Echinocandins are non-competitive inhibitors of synthesis of beta 1,3-beta-D-glucan, a major component of the fungal cell wall, and include caspofungin, anidulafungin, and micafungin.[64] They have excellent fungicidal activity against all Candida species and a good safety profile.​[65]​ No dose adjustments are required for advanced renal disease. The echinocandins are preferred over azoles for the initial treatment of candidaemia, particularly if Candida krusei, Candida glabrata, or C auris are suspected or documented and in critically ill, haemodynamically unstable patients.[19][32][66][67]​​​​​​ The highest minimum inhibitory concentrations are found with Candida parapsilosis (1-2 microgram/mL), although clinical efficacy is comparable to other agents and failures with this organism are extremely rare.[68] Similarly, acquired resistance to all or any of the drugs in this class remains relatively rare, although it is increasing, particularly among C glabrata isolates.[69][70]​​​​ Caspofungin, anidulafungin, and micafungin are widely considered as therapeutically equivalent.[32][71]​​​

Azoles inhibit the formation of ergosterol in the fungal cell membrane. Fluconazole has been widely used for candidiasis for more than 15 years, and has a good safety record and a favourable toxicity profile. Several large studies have shown equivalent activity and success when compared with polyenes, such as amphotericin-B, and the newer echinocandins in non-neutropenic hosts.[72][73][74]​​​ However, growing resistance now limits its use to empirical therapy in settings where fluconazole resistance is low and/or echinocandins are not available.
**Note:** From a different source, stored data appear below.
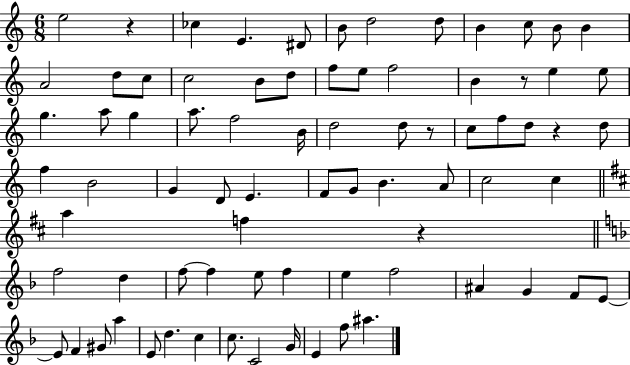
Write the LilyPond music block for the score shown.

{
  \clef treble
  \numericTimeSignature
  \time 6/8
  \key c \major
  e''2 r4 | ces''4 e'4. dis'8 | b'8 d''2 d''8 | b'4 c''8 b'8 b'4 | \break a'2 d''8 c''8 | c''2 b'8 d''8 | f''8 e''8 f''2 | b'4 r8 e''4 e''8 | \break g''4. a''8 g''4 | a''8. f''2 b'16 | d''2 d''8 r8 | c''8 f''8 d''8 r4 d''8 | \break f''4 b'2 | g'4 d'8 e'4. | f'8 g'8 b'4. a'8 | c''2 c''4 | \break \bar "||" \break \key d \major a''4 f''4 r4 | \bar "||" \break \key d \minor f''2 d''4 | f''8~~ f''4 e''8 f''4 | e''4 f''2 | ais'4 g'4 f'8 e'8~~ | \break e'8 f'4 gis'8 a''4 | e'8 d''4. c''4 | c''8. c'2 g'16 | e'4 f''8 ais''4. | \break \bar "|."
}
Fluconazole is also preferred over echinocandins if infection is suspected in body compartments where echinocandins have poor penetration (e.g., central nervous system, eye, and urinary tract). Fluconazole can also be used for step-down therapy from echinocandins once patients are clinically stable and infection is controlled. Voriconazole can retain activity against most Candida species and is active against fluconazole-resistant C krusei and some strains of fluconazole-resistant C glabrata. Its efficiency in treatment of invasive candidiasis has been demonstrated in a large prospective, randomised study.[75] However, its lack of superiority, additional cost and less favourable toxicity profile, particularly numerous drug interactions, have resulted in voriconazole being reserved for selected patients with fluconazole-resistant but voriconazole-sensitive strains.

Treatment for suspected systemic candidiasis

Antifungal therapy should be started in patients who are critically ill and have risk factors for systemic candidiasis, and for whom other causes of fever have been excluded. This decision should be based on clinical assessment and results of cultures from non-sterile sites. Local pathogen knowledge is also important when deciding on empirical therapy.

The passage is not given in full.